EDF, the French company developing the UK’s first new nuclear power station in two decades with Chinese investors, has held talks with Saudi Arabia’s electricity utility company about taking a stake in the project, according to reports.
The news comes amid reports from The Times newspaper that the two Chinese nuclear power firms have upped their demands concerning the new project, Hinkley C power station (pictured).
The UK benefits from the fact we take a fairly relaxed view when it comes to outside investment– Tim Yeo, chairman of the House of Commons energy and climate change select committee
State-backed China General Nuclear (CGN) and China National Nuclear Corporation (CNNC), who together will take a 30-40% stake in Hinkley C, want more equipment for Hinkley to be manufactured by Chinese companies, reported The Times.
The two Chinese firms are also understood to want to build a reactor of Chinese design at Bradwell, Essex, site of an old nuclear power station being decommissioned.
According to The Times, EDF has rejected these conditions and has begun talks with Saudi Electric about taking at least a 10% stake in the Hinkley scheme.
CGN and CNNC will team up to take a stake of between 30% and 40% in Hinkley, while Areva, with its EPR reactors, is expected to take a 10% stake. EDF will own 40-50%, and says discussions are underway with investors to fill the potential 15% gap – which is where the Saudis could come in.

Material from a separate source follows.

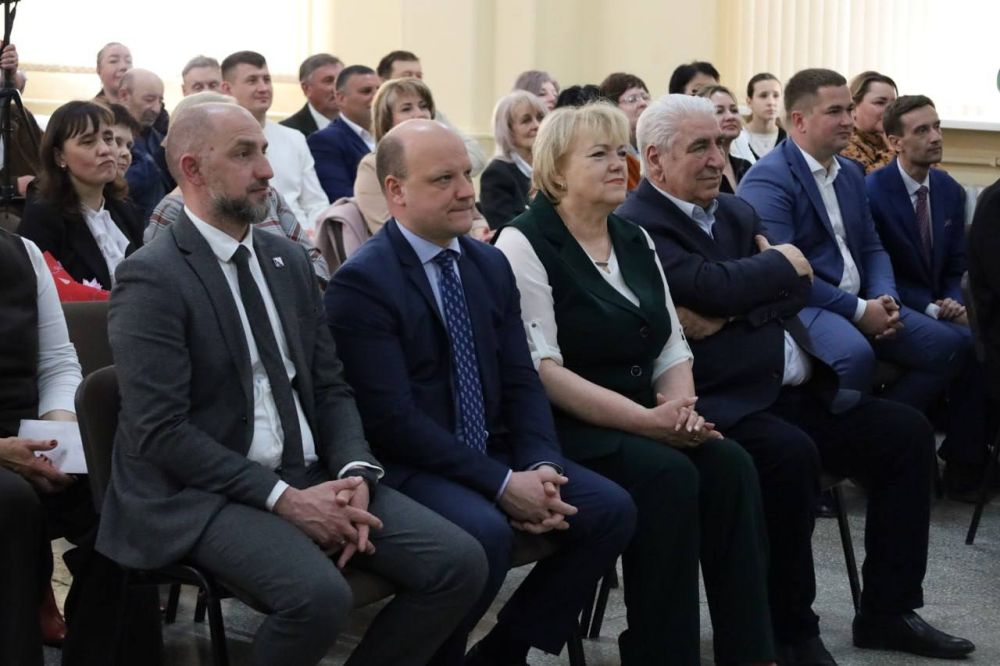 ��������������� ����� �47 ����� ������� ��������� ����� �������� 80-������ ������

EDF hopes to make a final decision by next January or February.
The Times said the Saudi national utility company hopes that its backing will help to secure French investment for its own domestic nuclear new-build programme to generate electricity, produce desalinated water and reduce the gulf state’s reliance on oil.
Tim Yeo, chairman of the House of Commons energy and climate change select committee, told The Times that he welcomed the potential Saudi investment.
"It’s good news that other people are looking to invest," he said.
"The UK benefits from the fact we take a fairly relaxed view when it comes to outside investment."
The Hinkley Point project moved a step closer to getting off the ground last month after the European Commission gave its approval to a deal between EDF and the UK government which sees the government guaranteeing a minimum price to be paid for the electricity generated at the plant.